(Stored data entries)
↓↓↓
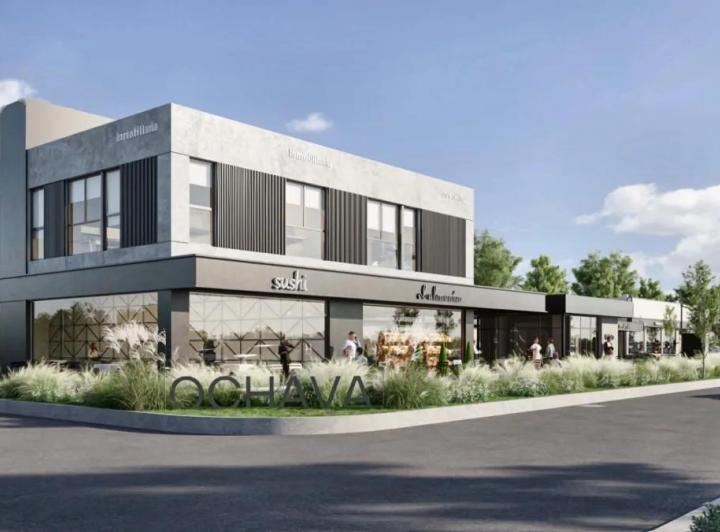 Oficina comercial · 72m² · 1 Ambiente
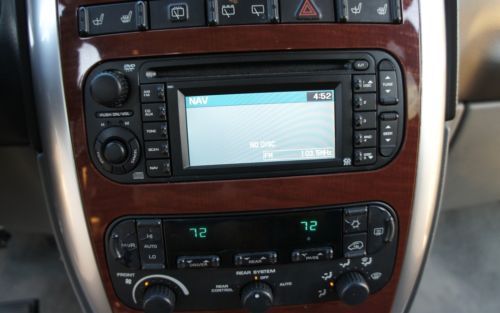 2005 TOWN COUNTRY CARAVAN HANDICAP RAMP VAN WHEELCHAIR 47K MILES MOBILITY SHIP, US $17,900.00, image 3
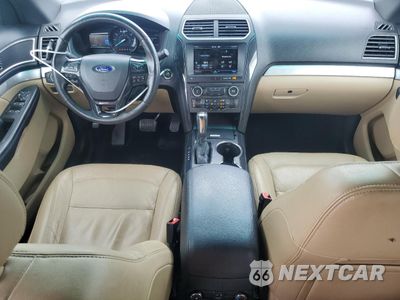 Zdjęcie 8 z 15 samochodu: 2016 FORD EXPLORER XLT VIN:1FM5K7D81GGA82505 - miniatura
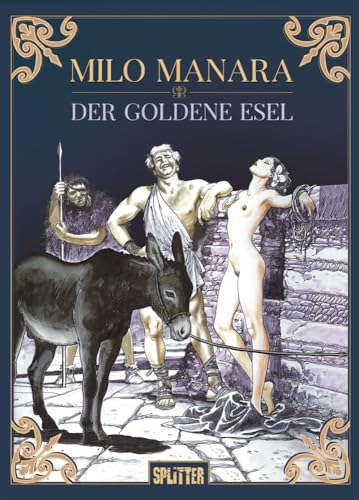 Der goldene Esel #[nn] cover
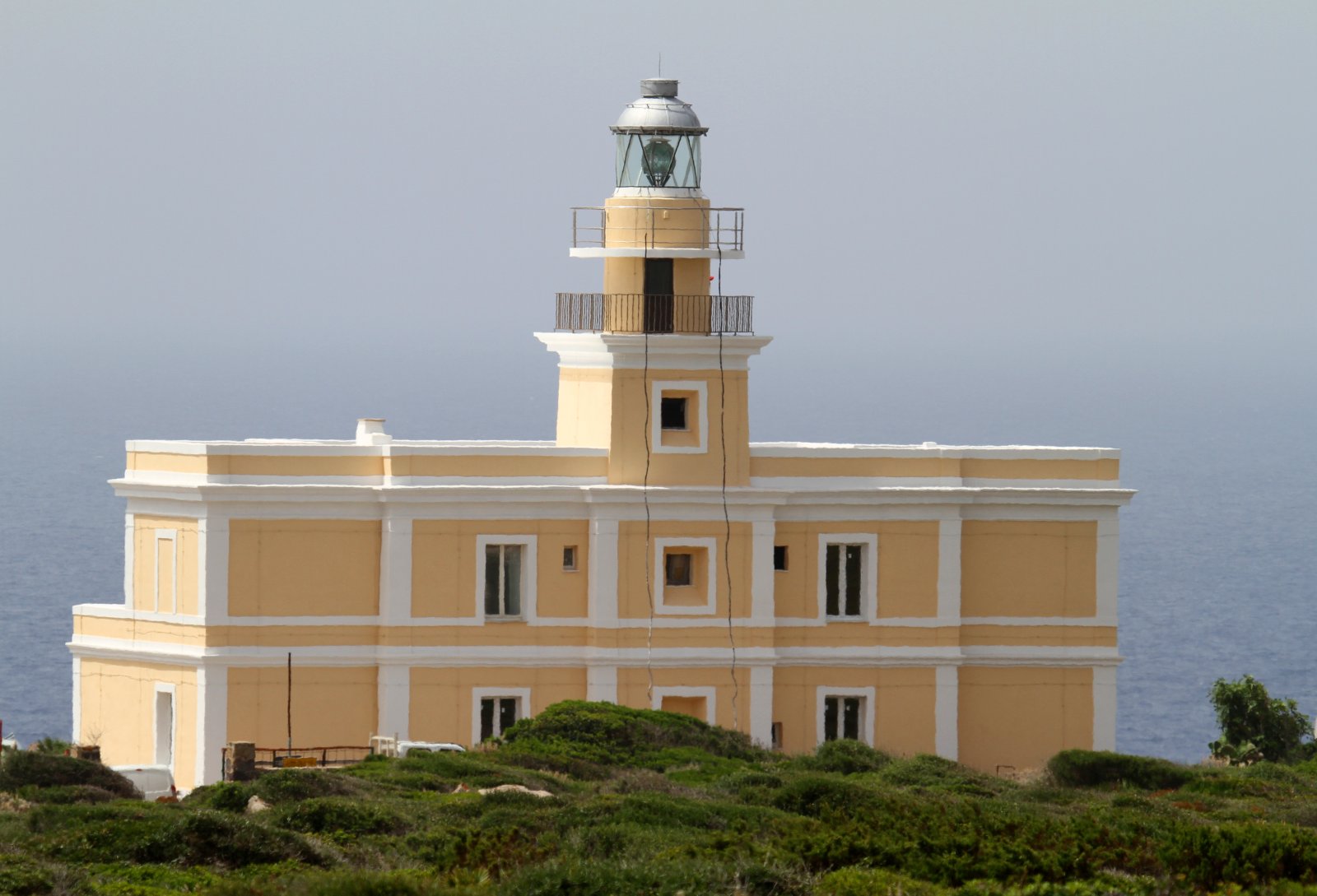 Cerdeña | Capo San Marco y su hermosa playa - Capo San Marco | Secret World Trip Planner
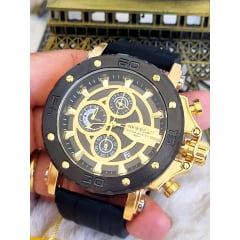 Relógio Masculino Cronógafo Newrex 8002
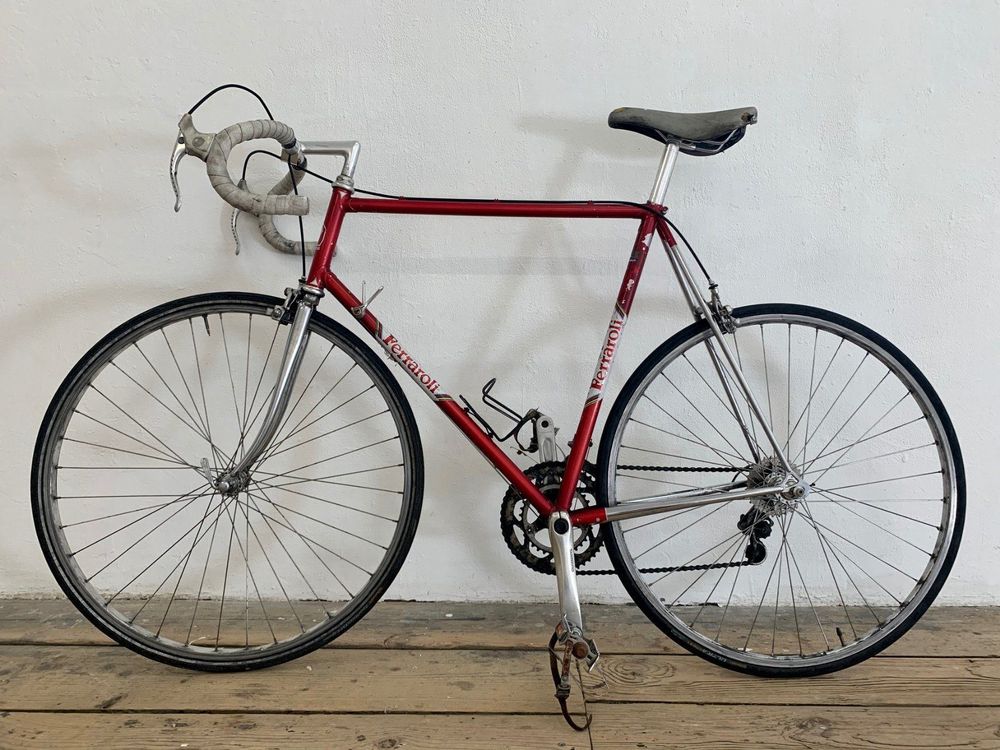 VELO COURSE ANCIEN / Columbus Aluthron / Campagnolo EUR 499,90 - FR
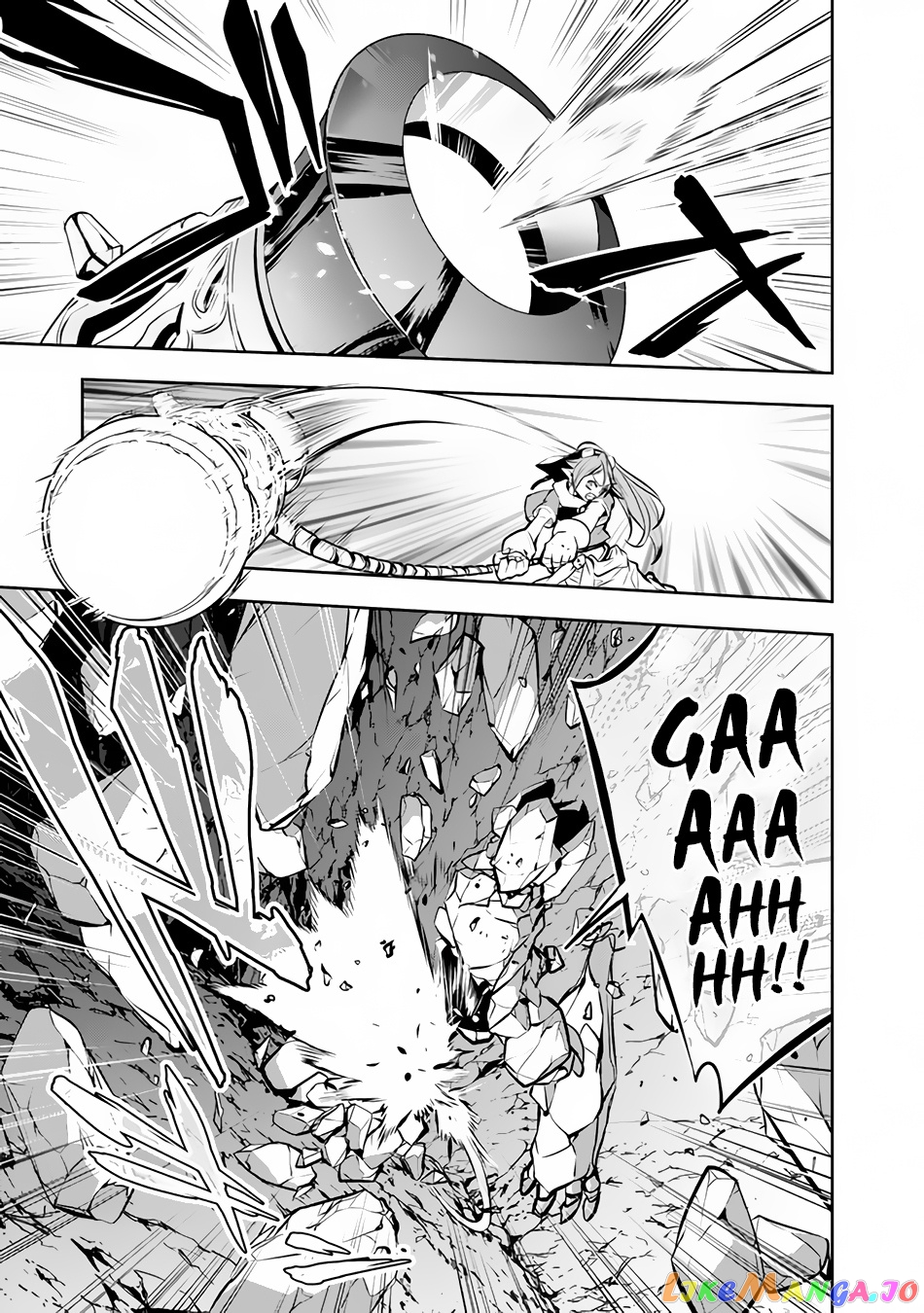 The Strongest Magical Swordsman Ever Reborn As An F-Rank Adventurer. chapter 85 - page 14
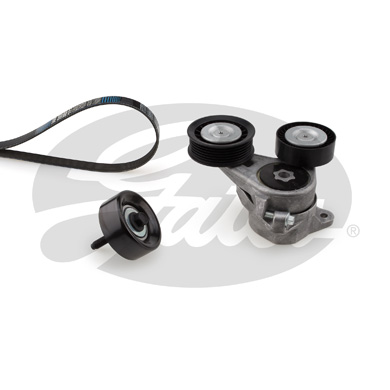 Zestaw paska osprzętu GATES K016PK1520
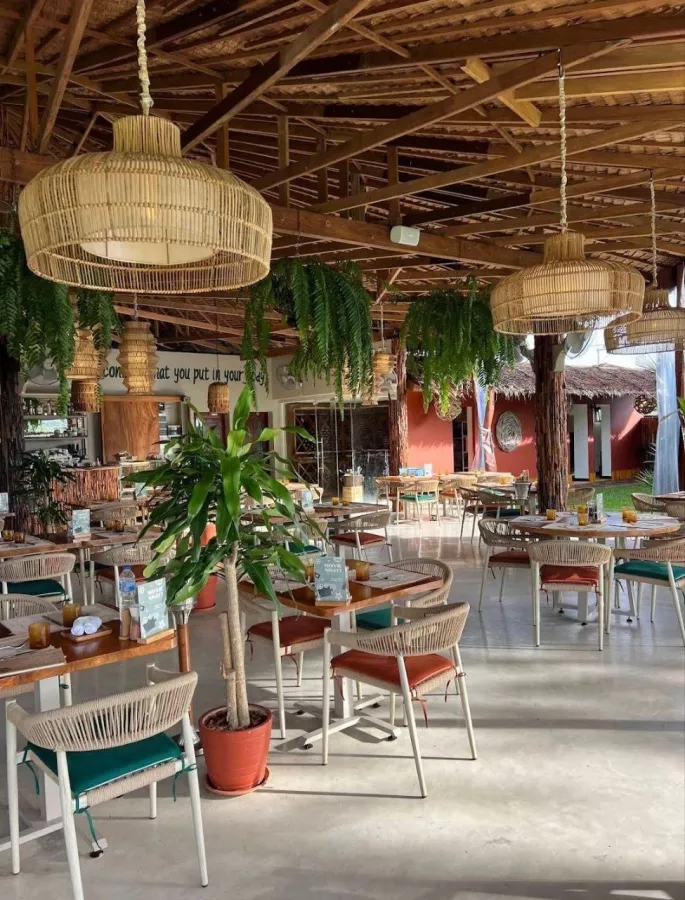 Ресторан Woo Phuket в Пхукете: Ресторан, Здоровая Еда, Кофе, Restaurant , Healthy Food, Coffee,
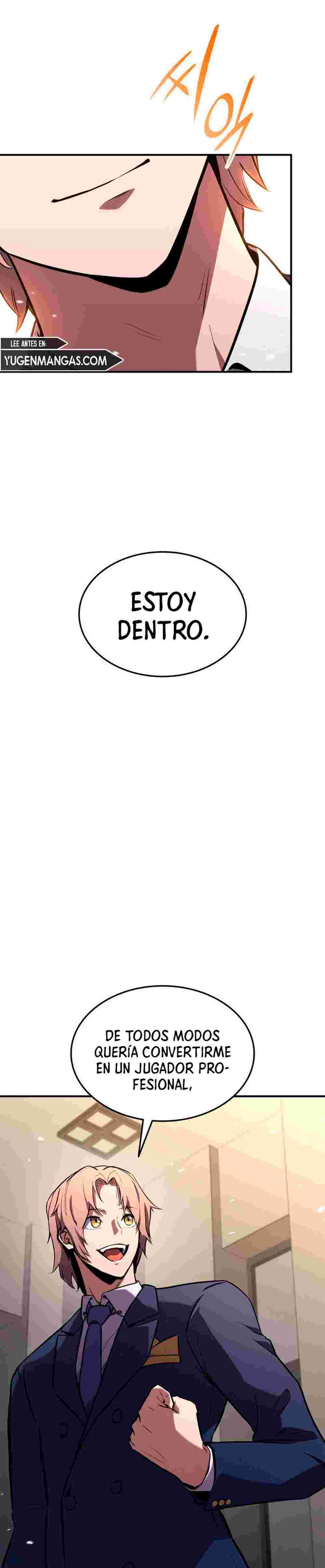 El Retorno Del Ranker (Remake) Capitulo 130 página 3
↑↑↑
- [Task requirements]
Return only the lines that start at the line containing "Zdjęcie 8 z" and finish at the last line of the entries, exactly as written and without pictures.

- [Output of the exercise]
 Zdjęcie 8 z 15 samochodu: 2016 FORD EXPLORER XLT VIN:1FM5K7D81GGA82505 - miniatura
 Der goldene Esel #[nn] cover
 Cerdeña | Capo San Marco y su hermosa playa - Capo San Marco | Secret World Trip Planner
 Relógio Masculino Cronógafo Newrex 8002
 VELO COURSE ANCIEN / Columbus Aluthron / Campagnolo EUR 499,90 - FR
 The Strongest Magical Swordsman Ever Reborn As An F-Rank Adventurer. chapter 85 - page 14
 Zestaw paska osprzętu GATES K016PK1520
 Ресторан Woo Phuket в Пхукете: Ресторан, Здоровая Еда, Кофе, Restaurant , Healthy Food, Coffee,
 El Retorno Del Ranker (Remake) Capitulo 130 página 3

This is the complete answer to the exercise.